··· Exercise data

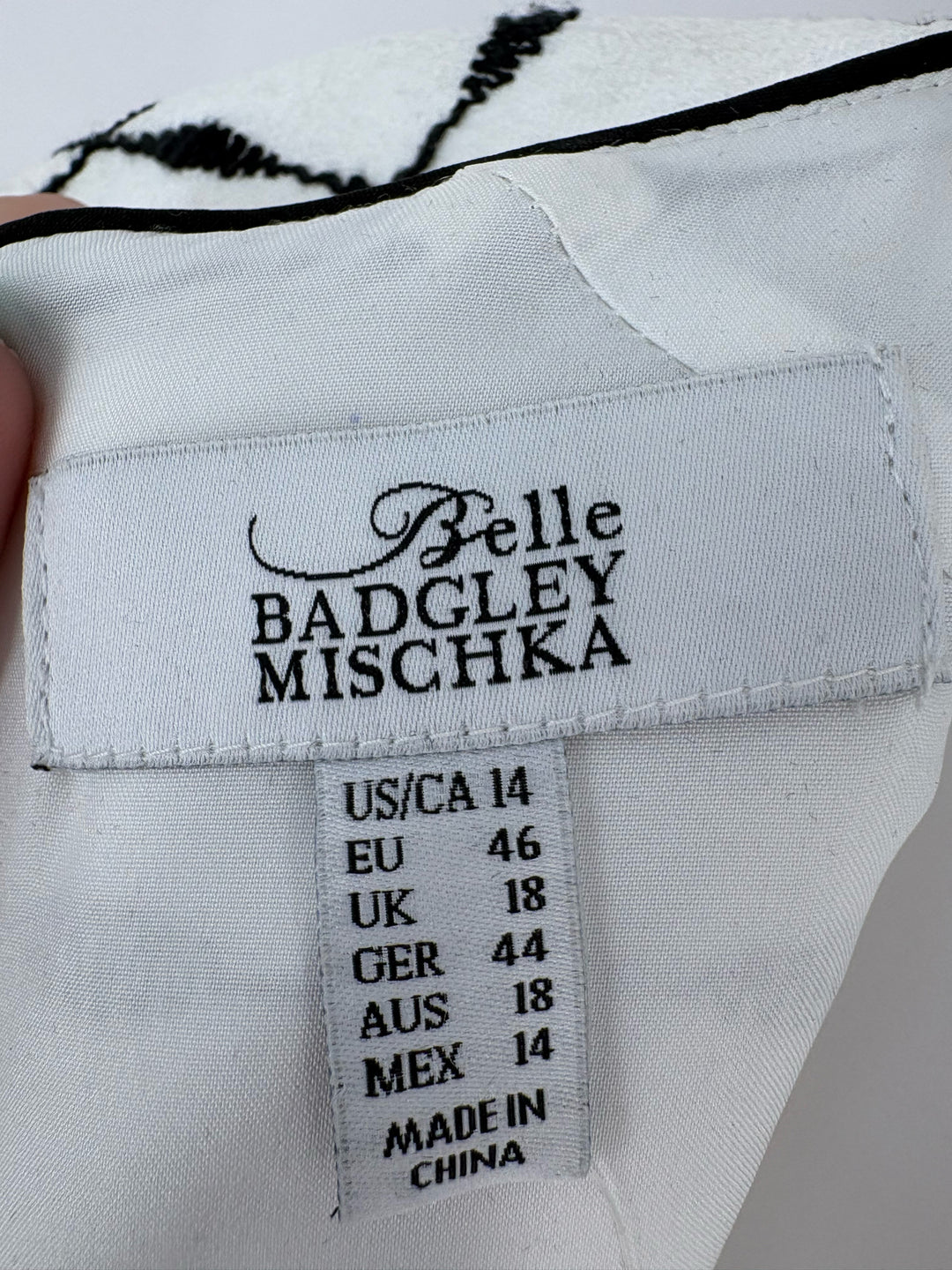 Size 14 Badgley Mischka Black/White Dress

······
··· Exercise data

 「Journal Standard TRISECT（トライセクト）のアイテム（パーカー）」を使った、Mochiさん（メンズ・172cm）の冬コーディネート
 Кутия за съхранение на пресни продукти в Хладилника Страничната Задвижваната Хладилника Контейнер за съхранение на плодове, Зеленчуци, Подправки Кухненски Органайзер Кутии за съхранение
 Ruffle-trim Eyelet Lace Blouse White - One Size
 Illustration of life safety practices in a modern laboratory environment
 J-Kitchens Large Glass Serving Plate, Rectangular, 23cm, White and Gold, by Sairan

······

● What needs to be done: Repeat, character for character, the lines of the material above from the line with "Ruffle-trim Eyelet Lace" through the line with "J-Kitchens Large Glass".

● Task answer:
 Ruffle-trim Eyelet Lace Blouse White - One Size
 Illustration of life safety practices in a modern laboratory environment
 J-Kitchens Large Glass Serving Plate, Rectangular, 23cm, White and Gold, by Sairan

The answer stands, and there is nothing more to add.